■ WHAT IS REQUIRED: Please copy, exactly as written, the span from the first line below to the line that contains "Ghế cho trẻ", including both, and skip the pictures.

■ DATASET EXCERPT:

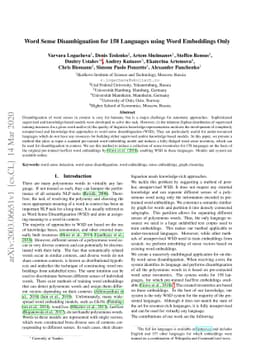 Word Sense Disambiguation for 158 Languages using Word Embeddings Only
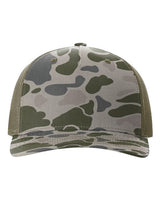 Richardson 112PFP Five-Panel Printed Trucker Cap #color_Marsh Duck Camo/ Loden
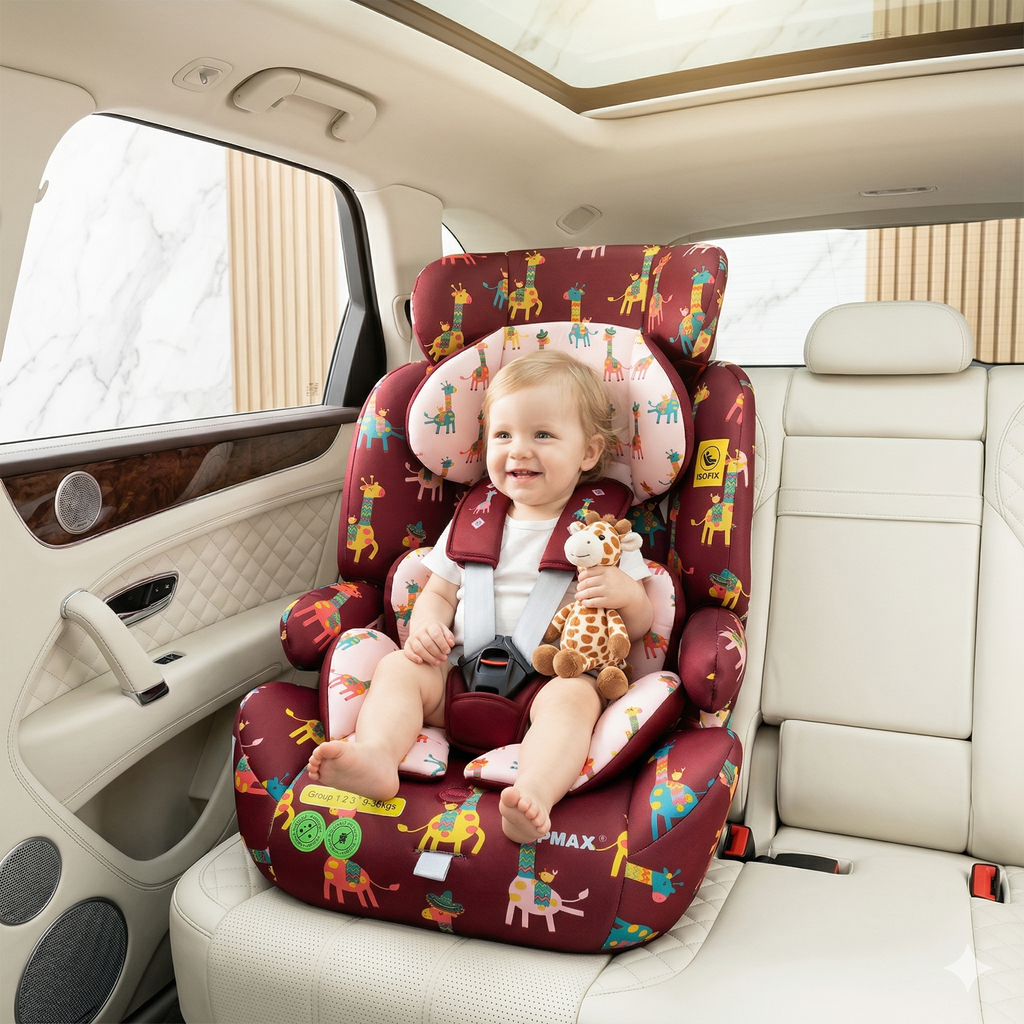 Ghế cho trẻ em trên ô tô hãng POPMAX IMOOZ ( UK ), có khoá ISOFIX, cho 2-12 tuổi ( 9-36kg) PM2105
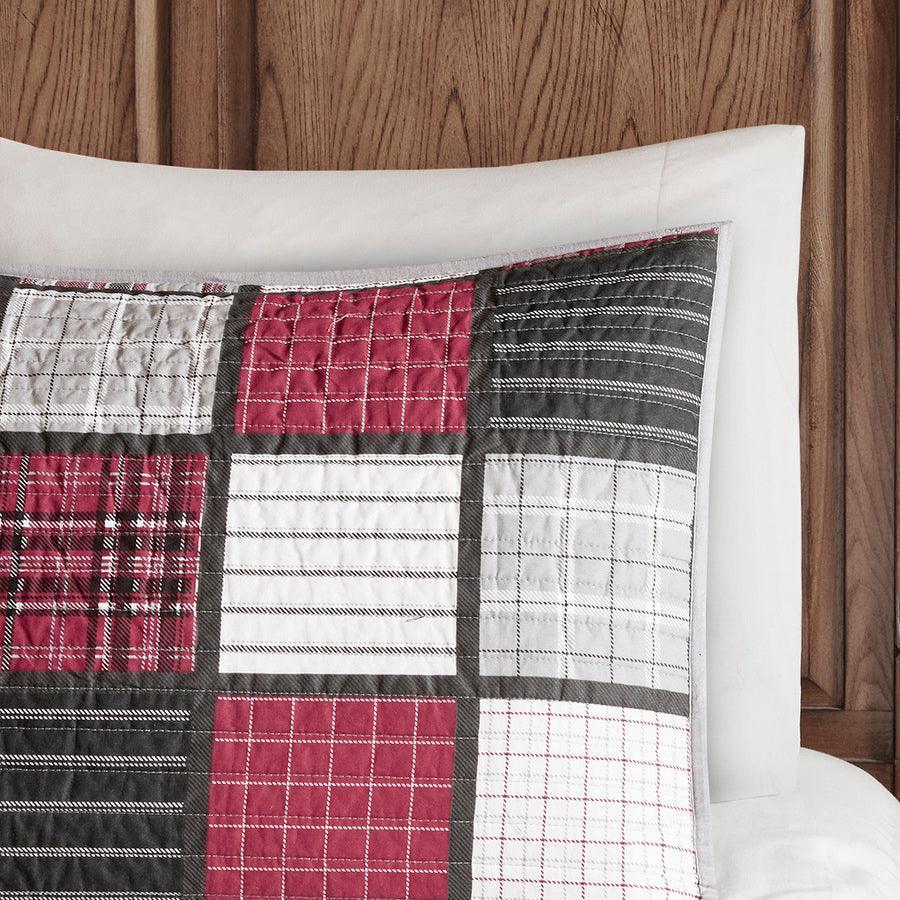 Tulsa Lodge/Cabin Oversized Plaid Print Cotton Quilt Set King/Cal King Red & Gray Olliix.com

■ OUTPUT FOR THIS TASK:
 Word Sense Disambiguation for 158 Languages using Word Embeddings Only
 Richardson 112PFP Five-Panel Printed Trucker Cap #color_Marsh Duck Camo/ Loden
 Ghế cho trẻ em trên ô tô hãng POPMAX IMOOZ ( UK ), có khoá ISOFIX, cho 2-12 tuổi ( 9-36kg) PM2105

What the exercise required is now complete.